Trusting Your Gut: The Divine Gift of Inner Knowing

For years now, I’ve felt things in my gut—like information is being downloaded straight into me. I don’t always have the logic or proof to back it up, but I know. And when someone around me chooses not to share something, I feel uneasy, because I can sense there’s something they’re hiding. It’s not paranoia, it’s knowing.

I’ve come to realize this is a divine blessing. No matter how much someone tries to conceal the truth, I feel it. I see it. And sometimes, it’s so accurate that people assume I must be spying on them. But I don’t need to, and honestly, I don’t want to. Someone recently called me Antaryami—one who knows things beyond what’s spoken. It was meant as a taunt, but deep inside, I wondered… maybe it’s true? Maybe one day, I’ll fully understand why I’m feeling what I’m feeling.

The Cost of Numbing Your Senses

There was a time when I tried to shut it all down. I didn’t want to know. I didn’t want to feel. I didn’t want to cry. I even took sleeping pills just to silence my head, my heart, and my gut. But later, I realized—this wasn’t something to suppress. It was my guardian angels, my God, my soul, my higher self trying to protect me and guide me. And what was I doing? Trying to drown their voice with external noise and bad advice?

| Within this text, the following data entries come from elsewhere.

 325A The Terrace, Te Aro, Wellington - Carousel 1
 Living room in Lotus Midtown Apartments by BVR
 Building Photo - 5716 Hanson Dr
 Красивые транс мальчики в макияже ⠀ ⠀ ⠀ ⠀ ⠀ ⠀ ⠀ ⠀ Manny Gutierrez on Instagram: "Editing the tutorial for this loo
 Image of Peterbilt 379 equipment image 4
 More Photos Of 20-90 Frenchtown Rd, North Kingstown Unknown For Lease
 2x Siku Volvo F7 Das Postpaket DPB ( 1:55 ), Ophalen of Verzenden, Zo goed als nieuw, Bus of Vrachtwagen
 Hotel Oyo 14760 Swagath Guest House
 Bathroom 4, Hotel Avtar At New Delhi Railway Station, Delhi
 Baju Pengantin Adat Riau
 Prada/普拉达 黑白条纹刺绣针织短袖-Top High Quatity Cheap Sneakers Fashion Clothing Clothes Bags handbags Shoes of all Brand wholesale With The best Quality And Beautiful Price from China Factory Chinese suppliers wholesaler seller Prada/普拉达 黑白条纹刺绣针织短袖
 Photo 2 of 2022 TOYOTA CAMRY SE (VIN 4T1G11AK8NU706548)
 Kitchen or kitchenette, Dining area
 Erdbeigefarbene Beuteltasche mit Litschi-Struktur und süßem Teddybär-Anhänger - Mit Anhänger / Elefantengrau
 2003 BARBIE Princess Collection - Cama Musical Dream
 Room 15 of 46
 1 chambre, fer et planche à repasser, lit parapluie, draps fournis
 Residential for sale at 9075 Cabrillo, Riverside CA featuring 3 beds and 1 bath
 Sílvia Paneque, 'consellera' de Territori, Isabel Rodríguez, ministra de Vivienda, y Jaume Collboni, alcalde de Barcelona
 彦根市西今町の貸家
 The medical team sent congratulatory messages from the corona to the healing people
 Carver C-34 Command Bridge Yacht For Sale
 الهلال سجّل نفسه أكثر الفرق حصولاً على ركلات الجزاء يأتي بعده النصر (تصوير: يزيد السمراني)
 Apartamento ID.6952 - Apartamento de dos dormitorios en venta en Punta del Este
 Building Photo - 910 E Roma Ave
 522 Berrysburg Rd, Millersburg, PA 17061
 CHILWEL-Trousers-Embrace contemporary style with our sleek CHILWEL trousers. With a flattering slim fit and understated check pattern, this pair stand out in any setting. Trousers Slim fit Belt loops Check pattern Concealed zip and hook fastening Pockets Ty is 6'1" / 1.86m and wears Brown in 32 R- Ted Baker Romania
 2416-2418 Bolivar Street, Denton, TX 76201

That’s when I understood why it is so important to not take advice from just anyone. Not everyone can see your path the way you can. I may not always know why I’m feeling something—why certain pains, hurts, or struggles come my way—but I must trust that it’s all for my highest good. Maybe it’s a plan I signed up for. And if that’s the case, do the people around me even know it? Do I even fully know it? That’s why I can’t rely on anyone else to guide me. And I definitely should not try to shut my senses down.
People spend years doing deep meditation, practicing sadhanas, and following strict rituals to have access to this kind of intuition. And here I am, experiencing it so naturally at such an early age. I am really blessed.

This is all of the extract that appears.